Chenin Masterclass: The New Releases from a “Sublimely Great Producer”
Domaine François Chidaine

What more can we say about this inspiring Loire Valley grower? Our thesaurus is running low on superlatives. Instead, here are a few words from the press: “Chidaine is one of the world’s finest craftsmen in the medium of white wine” (David Schildknecht); “The Pope of Montlouis and Vouvray—just a sublimely great producer” (Rajat Parr and Jordan Mackay); “There are times when I can imagine drinking only his wines for the rest of my life” (Peter Liem) and, “The modern ascendence of Montlouis essentially wouldn’t have happened were it not for François and Manuela Chidaine” (Jon Bonné). You get the drift.

 

Most of the wines we offer today spring from two contrasting vintages. Following the run of warmer seasons, 2021 marked something of a return to the chiselled and racy Chidaine style of 2010 and 2014 (with a touch more ripeness). Late last year, François told us he loves the ‘coiled’ style of the year and believes the wines will really come into their own with a few years of aging—even if, in our opinion, the wines are already looking open for business. 2022 was a sunnier year with an earlier harvest. However, well-timed rains, along with cooler nights later in the season have imbued Chidaine’s ‘22s with terrific freshness and vibrancy. Expect luminous yet beautifully structured dry Chenins with excellent density underscored by ripe acidity and the clap of phenolic tension.

 

Regarding news from the domaine, François and Manuela’s daughter, Alice Chidaine, has now assumed a key role in the cellar. Before returning to Montlouis, Alice apprenticed with Clos Rougeard and Dagueneau in the Loire Valley and worked vintage with Chris Alheit in Swartland. So, a first-class education. Alice’s younger brother Pierre is also making a mark on the viticulture side. Both grow and make their own wine in the portfolio; Alice with Les Grillonnières and Pierre with the domaine’s newest single site cuvée, Les Epinays. These wines are offered below. If we were François, we might be looking over our shoulder; the kids are doing a marvellous job! Then, the family continues investing in the super-hip Wineglobes: François appreciates the drawn-out fermentations and precision these glass vessels afford.

 

A quick postscript or two before we go. The domaine’s great value, Le Chenin d’Ici is back and 2022 is a knockout. Finally, you can taste a range of Chidaine’s current releases today (from midday) in Melbourne and on Wednesday in Sydney. Come on down to taste some of the best damn Chenin Blanc on the planet.

The Wines

Domaine François Chidaine Montlouis Brut Nature 2020

Domaine François Chidaine Montlouis Brut Nature 2020

Chidaine’s cracking Montlouis Brut Nature is made from old-vine, biodynamically farmed, hand-harvested fruit cropped at a very low 35 hectolitres per hectare (a figure almost unheard of in Champagne). To be specific, this zero-dosage Montlouis is 100% Chenin Blanc from the flinty (perruches) sites of Le Volagray and Les Landes, as well as the clay- and limestone-dominant (aubuis) sites of Clos Renard and Les Epinais. Chidaine picks his grapes for sparkling wine at around 11.5 to 12.5 degrees of potential alcohol (i.e. flavour-ripe) as he wants his terroir to shine through. The base wine ferments spontaneously in old 620-litre barrels.As always, the palate is engagingly vinous, with a creamy texture shot through with saline energy and spicy complexity. The finish tapers to a long, grippy, mineral-infused close—something seldom encountered in Chenin-based sparkling wines. There’s so much to love and such value for a world-class sparkling wine!
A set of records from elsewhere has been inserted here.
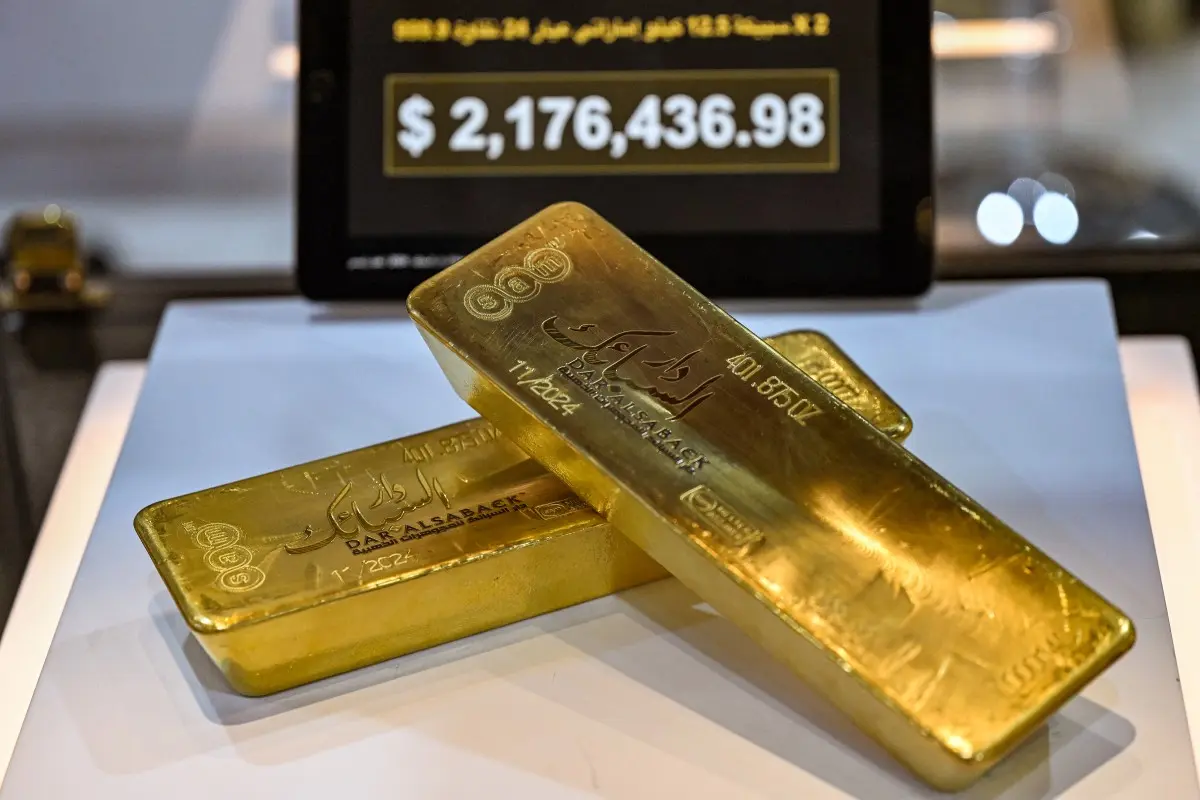 الذهب يسجل أول ارتفاع أسبوعي في 5 أسابيع مع تراجع توقعات رفع الفائدة بأميركا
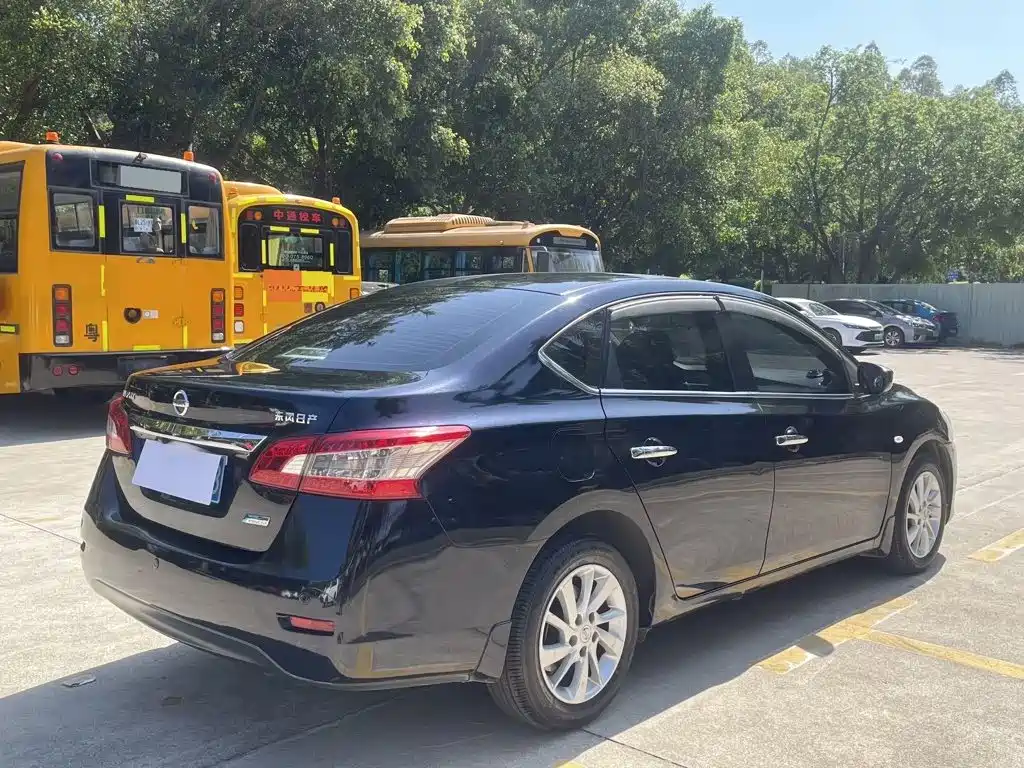 Nissan Sylphy 2012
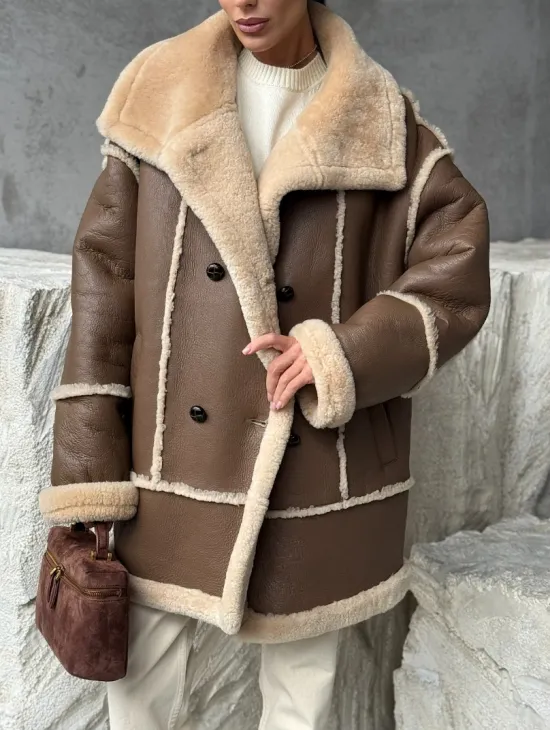 Коричневая женская дубленка - фото 5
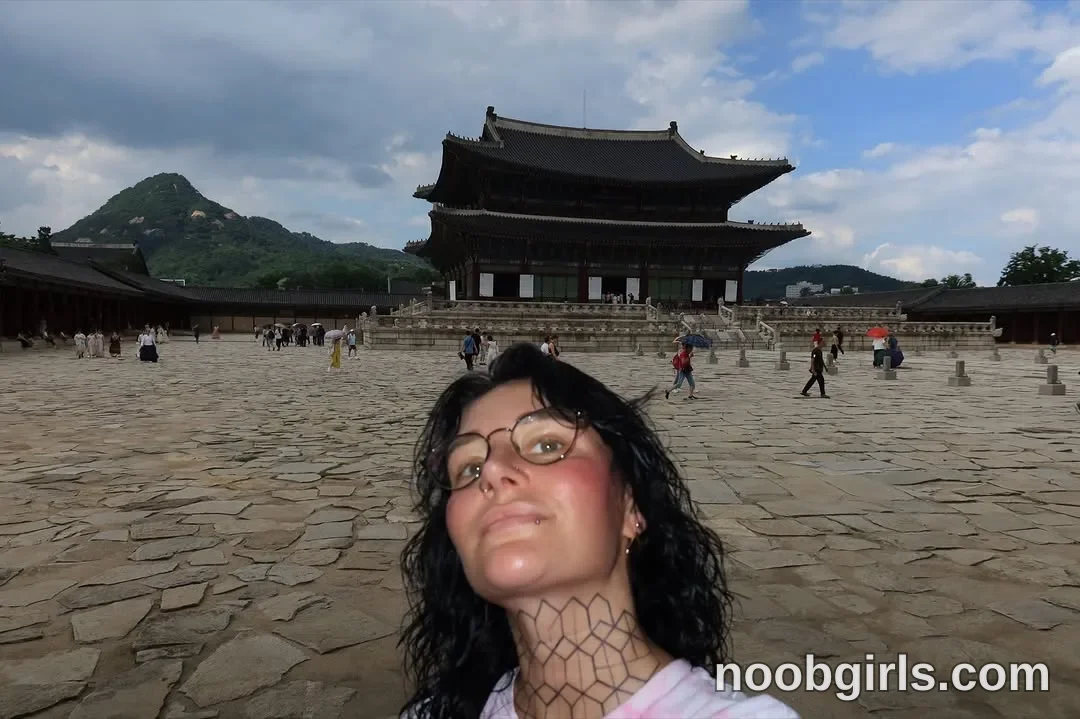 Inside nica_rock (@nica_rock) in Seoul, South Korea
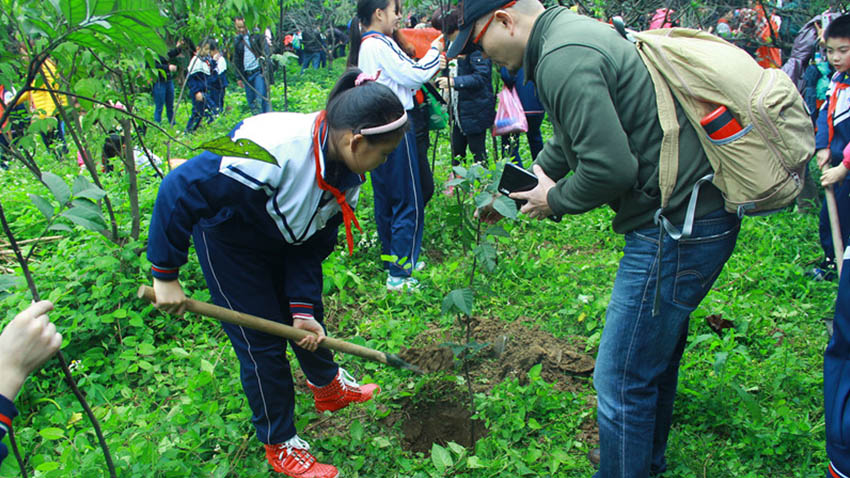 播種植樹-呵護生命成長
“The 2020 Brut Nature is a traditional method sparkling Chenin. It's a carefully made, cleansing aperitif style. Grown biodynamically, it is then naturally fermented in demi-muids before undergoing its second fermentation in bottle and resting on its lees for 18 months. The result is a bone-dry bottling, taut and lively with an assertive fizz. Rich apple fruit flavors are joined by lightly savory notes and subtle pastry characters derived from time on lees.”
90 points, Rebecca Gibb MW, Vinous
Domaine François Chidaine Montlouis Brut Nature 2020
Domaine François Chidaine Montlouis Brut Nature 2008

Domaine François Chidaine Montlouis Brut Nature 2008

Chidaine is widely acknowledged in France as one of the Loire Valley’s great sparkling-wine craftsmen, not least by Benjamin Dagueneau (who enlisted Chidaine’s help when trialling his own sparkling). This wine goes some way to explaining the accolade. It’s a pure, complex and elegant release that expresses the chalky terroir of its origin through an abundance of salty, marine and truffle aromas and flavours. The palate is still firmly structured, with great purity and persistent minerality. It was disgorged in April 2021 following 12 years on lees. Pure class as always.

Chidaine is widely acknowledged in France as one of the Loire Valley’s great sparkling wine craftsmen, not least by Benjamin Dagueneau (who enlisted Chidaine’s help when trialling his own sparkling), and this wine goes some way to explain the accolade. It’s a pure, very complex and elegant release that expresses the chalky terroir of its origin through an abundance of salty, marine and truffle aromas and flavours. The palate is still firmly structured, with a great purity and persistent minerality. Revelations II. Grab some while it lasts!

Domaine François Chidaine Montlouis Brut Nature 2008
Domaine François Chidaine Le Chenin d’Ici 2022

Domaine François Chidaine Le Chenin d’Ici 2022

So good to see this great value wine become a regular starter in the Chidaine portfolio. This label was first created in 2021, when, having lost 60% of his yields, François reached out to his contacts to secure small parcels of Chenin Blanc from across Touraine. In the end ‘The Chenin from here’ is roughly a 50/50 blend of estate and purchased fruit and includes grapes from many of the domaine’s exceptional parcels spread across Vouvray and Montlouis. Made in the same way as his estate cuvées, the resulting wine is popping with Chidaine magic. In short, it’s a deliciously fleshy, salty, mineral-soaked wine with a silky core oozing texture and long, stone-fruited length. It closes with citrusy salinity and a grippy grapefruit twist. It’s bloody terrific. 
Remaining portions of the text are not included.